Crock Pot Stir Fry

Because of the nature of a stir-fry dish (hot and fast), one wouldn’t think that it might be done in a slow cooker. Not being able to whip out my wok, I decided to give the idea a try. As it turns out, this dish is not technically a stir fry, but it can be done quite successfully!

In this attempt, I used a lot of canned veggies, drained and rinsed, as a shortcut. That’s how things like baby corn, straw mushrooms, water chestnuts, and bamboo shoots are available locally. Feel free to experiment with fresh produce if it’s available in your area.


Button mushrooms, bamboo shoots, baby corn, bean sprouts, and water chestnuts.

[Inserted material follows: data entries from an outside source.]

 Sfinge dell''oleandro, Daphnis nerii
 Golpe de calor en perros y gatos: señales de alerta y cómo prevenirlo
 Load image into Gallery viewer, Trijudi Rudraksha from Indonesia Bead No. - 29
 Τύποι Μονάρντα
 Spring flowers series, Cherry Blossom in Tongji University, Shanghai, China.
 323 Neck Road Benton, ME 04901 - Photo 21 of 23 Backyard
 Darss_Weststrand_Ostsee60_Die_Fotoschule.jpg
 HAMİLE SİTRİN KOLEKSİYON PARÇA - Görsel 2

The chicken, onions, and bell pepper used were all frozen, though added at the proper times, they all did an admirable job. I keep unused portions of onions and peppers in the freezer to preserve them for later use, and consequently always seem to have plenty on hand.

Crock Pot Stir Fry
Prep TIme: 20 minutes
Cook Time: 3 hours on High
Servings: 8-12

2 lb chicken or pork


Bullion cubes

2 chicken bullion cubes
1/4 cup water
1 tbsp garlic powder
1 tbsp onion powder
4 tbsp soy sauce
2 oz onion, diced
2 oz bell pepper, diced
12 oz mushroom pieces
12 oz bamboo shoots
12 oz water chesnuts, sliced
15 oz baby corn
15 oz bean sprouts
4 oz hoisin

Prep your crock. I use a liner and a bit of olive oil spray.

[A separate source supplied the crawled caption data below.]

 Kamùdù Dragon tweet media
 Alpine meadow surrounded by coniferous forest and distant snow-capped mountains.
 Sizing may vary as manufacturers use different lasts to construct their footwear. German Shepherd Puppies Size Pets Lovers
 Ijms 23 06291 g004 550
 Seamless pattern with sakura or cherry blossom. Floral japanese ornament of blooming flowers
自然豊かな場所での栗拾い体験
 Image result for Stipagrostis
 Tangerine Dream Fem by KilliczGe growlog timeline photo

Place raw meat into crock with 1/4 cup water, diced onion and bullion cubes. Sprinkle soy sauce over the meat. Sprinkle in garlic and onion powders, spreading them about evenly. Seal up the pot.

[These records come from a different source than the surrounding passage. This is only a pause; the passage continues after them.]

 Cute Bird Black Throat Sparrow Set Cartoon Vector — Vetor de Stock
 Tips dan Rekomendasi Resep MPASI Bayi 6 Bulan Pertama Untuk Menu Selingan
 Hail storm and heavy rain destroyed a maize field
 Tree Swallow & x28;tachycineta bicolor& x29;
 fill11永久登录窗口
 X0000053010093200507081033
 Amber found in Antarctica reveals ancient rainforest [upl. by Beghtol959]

Allow meat to cook thoroughly on high. This should take about 2 to 2-1/2 hours.

Shred or cube the meat, but keep it hot. Return to the pot.


Final mixture with hoisin.

Drain and rinse all remaining canned vegetables, then add them to the pot. Stir gently, adding hoisin sauce. Cover the pot and allow to heat for 1/2 hour or until all ingredients are hot.

Serve over rice or noodles. Refrigerate any leftovers.

This dish has been a big hit with my family, and has been repeated already. I suspect there will be plenty of repeats and variations in the future.

If you like a spicier heat, add a teaspoon of dried red chili peppers and a teaspoon of paprika with the spices scattered over the raw meat prior to cooking.

The usual bok choy was left out due to the dietary restrictions of one of the family, but we really didn’t miss it!